24% of the authors of SDA papers used the method identified in the paper for the first time, whereas only 8% of the authors of A/B studies used the method for the first time, a significant difference, χ2 (1, N = 402) = 12.07, p =.0005, adjusted α= .025. Within SDA papers, the USA (27%) and China (36%) have comparable proportions of researchers using a method for the first time.

36% of authors conducting A/B studies in AIED using the ASSISTments platform had never published there before. 23% of authors of A/B studies were publishing in EDM for the first time, and 22% of authors conducting A/B studies were publishing in LAK for the first time. 54.5% of authors conducting SDA studies using the ASSISTments platform published in LAK were publishing in LAK for the first time. 43% of authors conducting SDA studies in EDM were first-time authors there. 31% of authors of SDA studies publishing in AIED did so for the first time. A Chi-square test indicated that after post-hoc correction, there was a marginally significant difference in these proportions, χ2 (2, N = 61) = 6.23, p = .0443, adjusted α= 0.038.

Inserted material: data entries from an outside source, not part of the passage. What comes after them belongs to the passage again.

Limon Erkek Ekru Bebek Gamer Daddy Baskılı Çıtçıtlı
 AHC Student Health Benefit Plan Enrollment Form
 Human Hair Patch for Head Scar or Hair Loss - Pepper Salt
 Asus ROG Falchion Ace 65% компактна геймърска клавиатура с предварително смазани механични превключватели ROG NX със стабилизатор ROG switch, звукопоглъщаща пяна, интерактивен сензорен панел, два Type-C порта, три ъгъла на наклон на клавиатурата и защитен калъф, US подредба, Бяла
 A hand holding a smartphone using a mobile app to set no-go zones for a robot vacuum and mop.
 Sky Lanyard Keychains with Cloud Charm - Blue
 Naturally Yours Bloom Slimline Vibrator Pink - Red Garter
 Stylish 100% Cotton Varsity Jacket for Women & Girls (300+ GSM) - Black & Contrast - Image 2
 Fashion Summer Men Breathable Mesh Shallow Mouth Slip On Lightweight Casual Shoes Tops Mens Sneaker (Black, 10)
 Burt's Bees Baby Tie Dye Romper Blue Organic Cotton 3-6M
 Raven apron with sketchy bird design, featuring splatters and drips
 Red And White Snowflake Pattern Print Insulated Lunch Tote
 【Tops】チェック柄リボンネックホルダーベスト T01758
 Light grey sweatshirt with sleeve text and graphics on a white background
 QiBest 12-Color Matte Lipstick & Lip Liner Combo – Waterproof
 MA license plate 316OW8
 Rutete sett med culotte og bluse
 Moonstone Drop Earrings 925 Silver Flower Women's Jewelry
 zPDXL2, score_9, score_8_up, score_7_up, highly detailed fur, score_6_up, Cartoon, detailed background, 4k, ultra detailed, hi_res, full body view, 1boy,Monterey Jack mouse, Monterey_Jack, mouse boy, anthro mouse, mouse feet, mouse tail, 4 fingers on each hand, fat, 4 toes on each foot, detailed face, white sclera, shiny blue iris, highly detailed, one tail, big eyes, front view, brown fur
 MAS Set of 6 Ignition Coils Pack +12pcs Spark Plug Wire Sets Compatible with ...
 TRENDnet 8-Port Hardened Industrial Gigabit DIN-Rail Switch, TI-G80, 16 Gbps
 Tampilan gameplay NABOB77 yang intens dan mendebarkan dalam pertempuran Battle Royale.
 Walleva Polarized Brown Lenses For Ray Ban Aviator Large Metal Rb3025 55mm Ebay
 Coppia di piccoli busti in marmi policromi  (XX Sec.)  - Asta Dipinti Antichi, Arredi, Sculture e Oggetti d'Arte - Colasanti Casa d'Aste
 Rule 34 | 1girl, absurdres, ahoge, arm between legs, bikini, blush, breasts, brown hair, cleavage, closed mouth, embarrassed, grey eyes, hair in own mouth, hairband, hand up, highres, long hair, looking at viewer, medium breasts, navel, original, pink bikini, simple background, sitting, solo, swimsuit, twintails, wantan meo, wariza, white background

As Figure 8 shows, the majority of first-time authors of SDA papers at EDM and LAK were based in the USA. By contrast, the majority of first-time authors of SDA papers at AIED were based in China.


Figure 8. Number of authors publishing for the first-time at EDM, LAK, or AIED conferences across countries

CONCLUSION AND DISCUSSION

Online learning platforms have facilitated both A/B tests and secondary data analyses (SDA), two types of studies that contribute differently to the field. We investigated how these two types of research differ in terms of research topics, researchers’ institution location and affiliation, research impact (i.e. citations), and the degree to which these studies serve as a first entry to the field for new researchers or as a first opportunity to use new methods.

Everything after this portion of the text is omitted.